Should we reconsider the routine use of placebo controls in clinical research?

Trials

Northern California Kaiser-Permanente Division of Research, 2000 Broadway, Oakland, CA 94612, USA.

Published: April 2012

Background: Modern clinical-research practice favors placebo controls over usual-care controls whenever a credible placebo exists. An unrecognized consequence of this preference is that clinicians are more limited in their ability to provide the benefits of the non-specific healing effects of placebos in clinical practice.

Methods: We examined the issues in choosing between placebo and usual-care controls. We considered why placebo controls place constraints on clinicians and the trade-offs involved in the choice of control groups.

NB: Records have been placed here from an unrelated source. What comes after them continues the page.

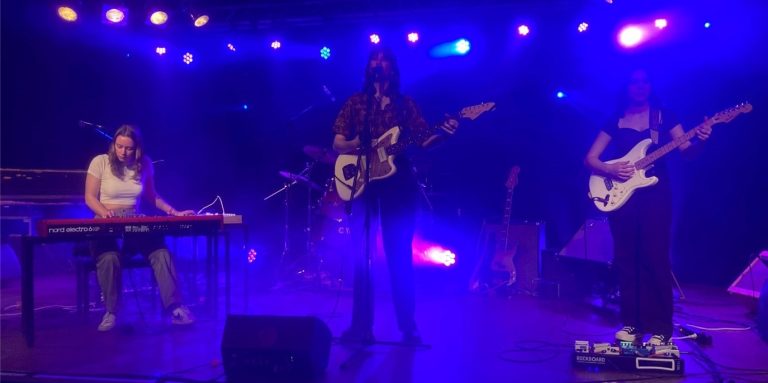 Dokkumer gasten van The Seasons winnen Battle Of The Bands in Sint Nicolaasga
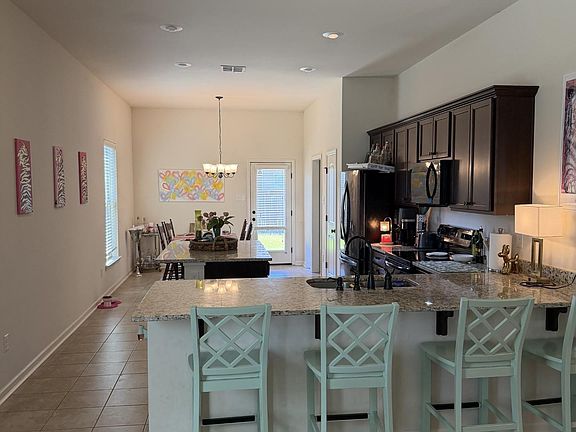 4th image of 955 Shadow Bluff Dr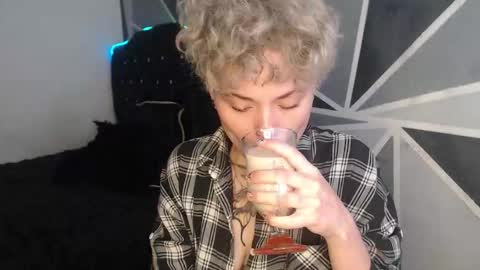 Snapshot of megan_coop3r_ chatting on December 21, 8:49 pm Megan and sophi online show from December 21, 8:49 pm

Results: We find that, for certain studies, investigators should consider usual-care controls, even if an adequate placebo is available. Employing usual-care controls would be of greatest value for pragmatic trials evaluating treatments to improve clinical care and for which threats to internal validity can be adequately managed without a placebo-control condition.

Conclusions: Intentionally choosing usual-care controls, even when a satisfactory placebo exists, would allow clinicians to capture the value of non-specific therapeutic benefits that are common to all interventions. The result could be more effective, patient-centered care that makes the best use of both specific and non-specific benefits of medical interventions.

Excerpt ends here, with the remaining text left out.